Tras los primeros balbuceos con el idioma callejee en busca de mi casa y de mi familia, a duras penas conseguía recordar la situación y de sopetón di con ella, era inconfundible, se mantenía como siempre, casas bajas pequeñas y encaladas bordeando un patio central con jardincillos. Me dirigí a la que creí era la mía, pero una placa en su puerta con nombres extranjeros me indicó lo contrario. Atontada por la situación me hizo fijarme que en todas aquellas casas donde habían vivido mis vecinos también figuraban nombres alemanes e ingleses, no cabía duda nos habían colonizado. Desalentada regresé al apartamento. En mi imaginación había dibujado la escena de un encuentro alegre y emotivo con mi madre o con alguno de mis hermanos, pero ahora no sabía dónde buscar, no sabía a quién preguntar que habría sido de ellos. Decidí darme un respiro y relajarme en el spa del hotel, me vino bien porque de tarde acudí al cementerio para visitar a mi padre y preguntarle lo que podría hacer.

No estaba preparada para comprobar que estaba junto a mi madre y mi hermana pequeña Lara, fue tan grande la decepción que lloré desconsoladamente. Triste y solitaria me encerré en el apartamento sin cenar. Al día siguiente volví a plantearme mi viaje, tras haber consultado con la almohada me encaminé en busca de una nueva vida en mi tierra, con mi sol, mi calor y la alegría de mis gentes a pesar de la muchedumbre extraña que tropezaba continuamente en las calles.

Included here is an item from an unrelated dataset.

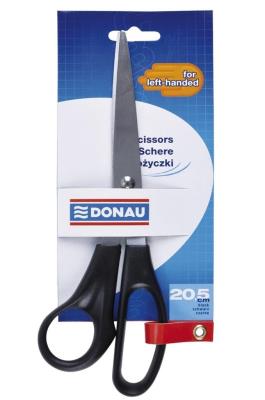 Nożyczki dla leworęcznych klasyczne 20,5 cm czarne. Wydawca: Donau. SmakLiter.pl Opakowanie Nożyczki dla leworęcznych klasyczne 20,5 cm czarne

Una agente inmobiliario me ayudó a comprar una casita de pescador en la cercana playa de La Carihuela, poco a poco la fui renovando a mi gusto, la amplia terraza del dormitorio y el pequeño jardín de la planta baja me permitían tostarme al sol oscureciendo mi piel tanto tiempo encerrada, disfrutando a la vez del aire y la brisa marina. En ningún momento cesé de buscar a mis hermanos dedicando dos horas cada día a consultar las redes sociales, periódicos o cualquier información que me pudiera poner en contacto con ellos, a pesar que mi perseverancia no daba frutos no caí en el desaliento. Cuando iba por la calle buscaba con quien me cruzaba algún rasgo que me hiciera reconocer a Puri, Manolito, Macarena, a cualquiera de ellos, pero tras una dura lucha interna decidí seguir con mi vida, tarde o temprano los abrazaría.

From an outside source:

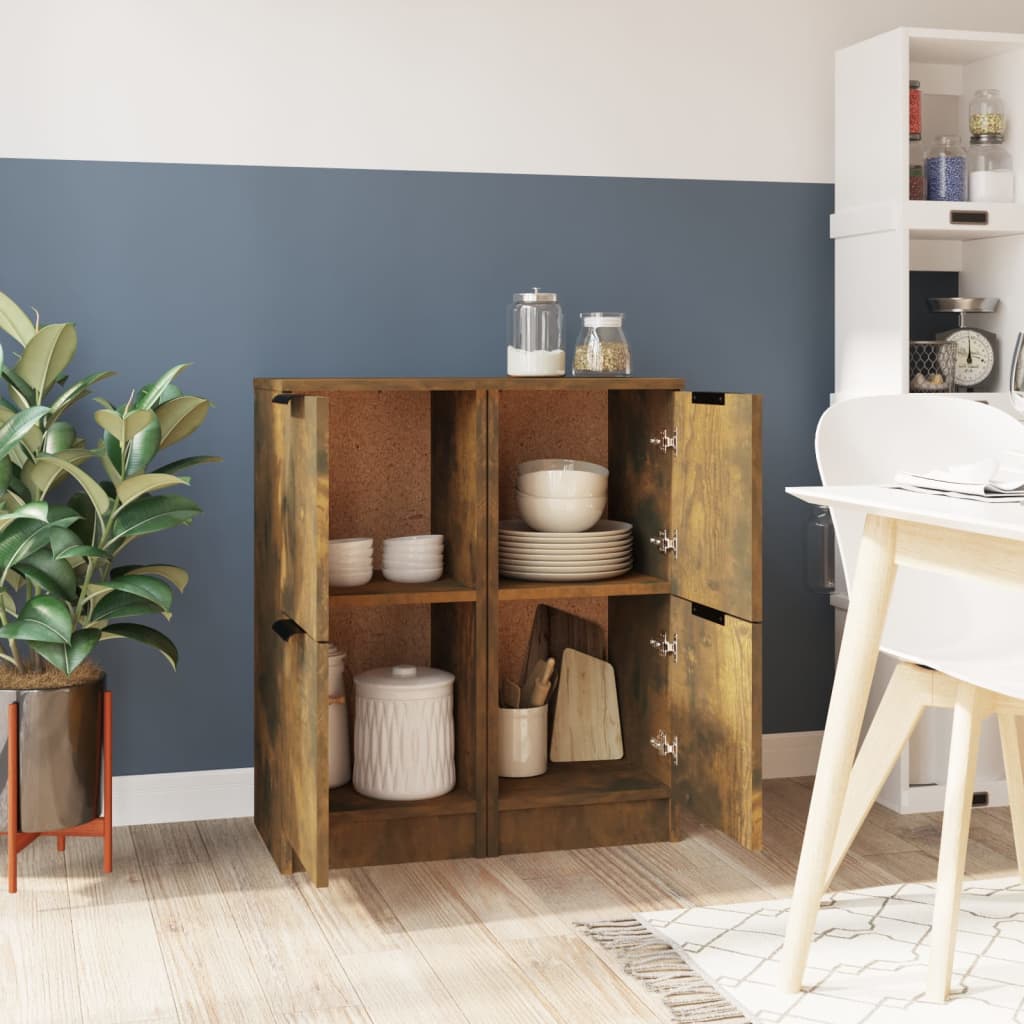 Aparadores 2 pcs 30x30x70 cm madeira processada carvalho fumado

Conseguí dos buenas amigas en clase de baile y la sincronización perfecta con Raúl, un madurito divorciado que estaba de buen ver y quien me enseñó a nadar en este Mediterráneo tranquilo. También iba dos días por semana como voluntaria a una ONG impartiendo clases de inglés. Tenía la vida tan ocupada que cuando recibí por wasap un video felicitándome la Navidad por los niños a los que cuidé, me liberé mandándoles al cuerno tras enviarles uno mío bailando salsa con Raúl y felicitándoles el Año Nuevo con imágenes de la playa y los chiringuitos llenos de turistas. Por si acaso querían volver a contactarme y alojarse en mi modesta casa, di de baja mi número inglés e hice contrato con una empresa española.

Sigo en busca de mi familia española y tengo fe de encontrarles pero mientras tanto intento vivir lo mejor que pueda. He hecho testamento a favor de la ONG, que puedo cambiar cuando quiera, y no sólo vivo bien con mi pequeña pensión inglesa sino que de vez en cuando cambio las libras esterlinas de mi fallecido patrón en euros para darme algún caprichito y vivir como una reina. Mis horas se van llenando con amistades que van surgiendo, mis vecinos son muy cordiales, pero mi mayor ilusión es encontrar a mi familia española.